For 23 years he met with God and listened to God and then shared God’s message with God’s people. If you know anything about Jeremiah you’ll know that it wasn’t 23 years of unmitigated success – anything but. Much of the time he was ridiculed, abused and imprisoned. Yet day after day, week after week, month after month, year after year, and decade after decade, Jeremiah persistently did what God had called him to do. He didn’t give up, he didn’t move to a city where people were more responsive, he didn’t modify his message. He persistently carried on doing what God had called on him to do. Peterson remarks, “the mark of certain kind of genius is the ability and energy to keep returning to the same task relentlessly, imaginatively, curiously, for a life time. To never give up and go on to something else; never get distracted and be diverted into something else”

I have been thinking a lot about Jeremiah and his persistency the last couple of days. It’s reminded me that what God calls us to do often calls for something we don’t regard as very glamorous; it’s what I would call holy tenacity.

Peterson defines it as the ability to return to our God-given calling “relentlessly, imaginatively, curiously, for a life time. To never give up and go on to something else; never get distracted and be diverted into sometPot-Noodlehing else.” I have to be honest and say holy tenacity doesn’t come easy to me. I belong to the Pot Noodle* generation, where we expect instant results. The stories we tend to celebrate in church life are the leaders and churches who achieve success quickly – 500 new people in five years impresses us. It probably should too. We should celebrate God’s blessings. However, we seldom celebrate those who minister “twenty three years…persistently,” who, like Jeremiah, approach what God has called them to do with a holy tenacity over an extended period.

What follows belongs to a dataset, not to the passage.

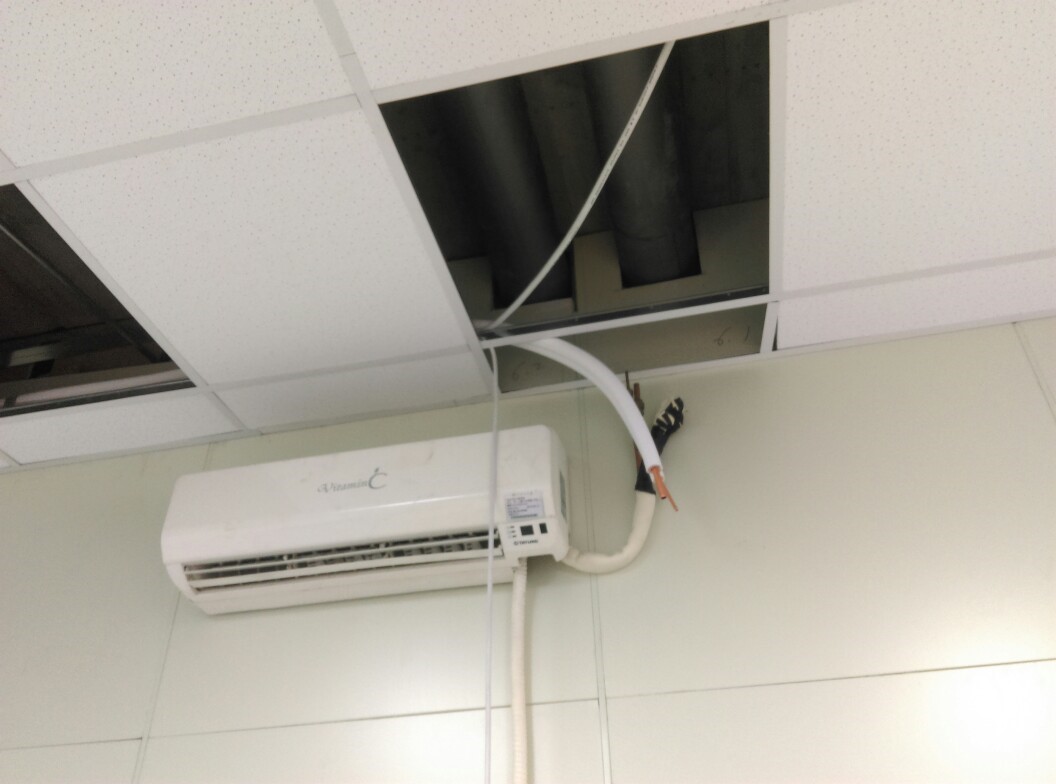 學校拆機第一波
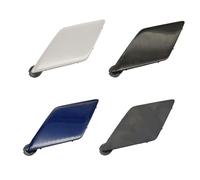 PEXORT For, F06 F12 F13 Reemplazo de Cubierta de Gancho de Remolque de Parachoques Trasero de automóvil, for, Serie 6 640 650i 2011-2017 51127261580 Tapa de Anilla de Remolque(White)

I suspect that for all of us, whatever God calls us to do and to be, there will be a need at some point  for this self same holy tenacity. It takes holy tenacity to be a teacher, to return to the classroom day after day when often there are more problems to be solved than successes to be celebrated. It takes holy tenacity to be a parent at times, to keep on loving and being firm when it would be easy just to be apathetic and give in. It takes holy tenacity to build a business that reflects the values of the kingdom of God rather than one that simply generates cash. It takes holy tenacity to represent God in an office year after year. I wonder if God led you to read this because he wants to remind you of the need for holy tenacity in doing what he has called you to do?

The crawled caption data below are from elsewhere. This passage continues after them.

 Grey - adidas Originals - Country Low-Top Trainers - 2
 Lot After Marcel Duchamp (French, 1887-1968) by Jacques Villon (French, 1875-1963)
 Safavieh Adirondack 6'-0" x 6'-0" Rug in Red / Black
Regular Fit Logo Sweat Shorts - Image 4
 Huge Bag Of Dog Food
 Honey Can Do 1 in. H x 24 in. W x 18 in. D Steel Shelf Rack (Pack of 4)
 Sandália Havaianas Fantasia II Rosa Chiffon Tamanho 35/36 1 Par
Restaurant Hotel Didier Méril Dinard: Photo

What we are talking about here is more than dogged determination and drudgery. Peterson comments, “don’t feel sorry for Jeremiah. He was not stuck in a rut, he was committed to a purpose. Jeremiah shows no evidence of bored drudgery. Everything we know of him shows that after 23 years his imagination is even more alive and his spirit even more resilient than it was in his youth. He wasn’t putting in his time. Every day was a new adventure of living the prophetic life. The days added up to a life of incredible tenacity, of amazing stamina.” Those words excite and inspire me; that’s the kind of holy tenacity I want to develop. I want to be more alive, more imaginative, more resilient as I grow older and I serve longer in my calling. Which made we wonder, how was Jeremiah able to develop and sustain this holy tenacity?

A read-through of the book of Jeremiah soon reveals the source of Jeremiah’s holy tenacity. Just look at these verses.

Jeremiah 7:13: “And now, because you have done all these things, declares the LORD, and when I spoke to you persistently you did not listen, and when I called you, you did not answer…”

Jeremiah 7:25: “From the day that your fathers came out of the land of Egypt to this day, I have persistently sent all my servants the prophets to them, day after day.”

Jeremiah 29:19: “Because they did not pay attention to my words, declares the LORD, that I persistently sent to you by my servants the prophets, but you would not listen, declares the LORD.”

Jeremiah 11:7: “For I solemnly warned your fathers when I brought them up out of the land of Egypt, warning them persistently, even to this day, saying, Obey my voice.”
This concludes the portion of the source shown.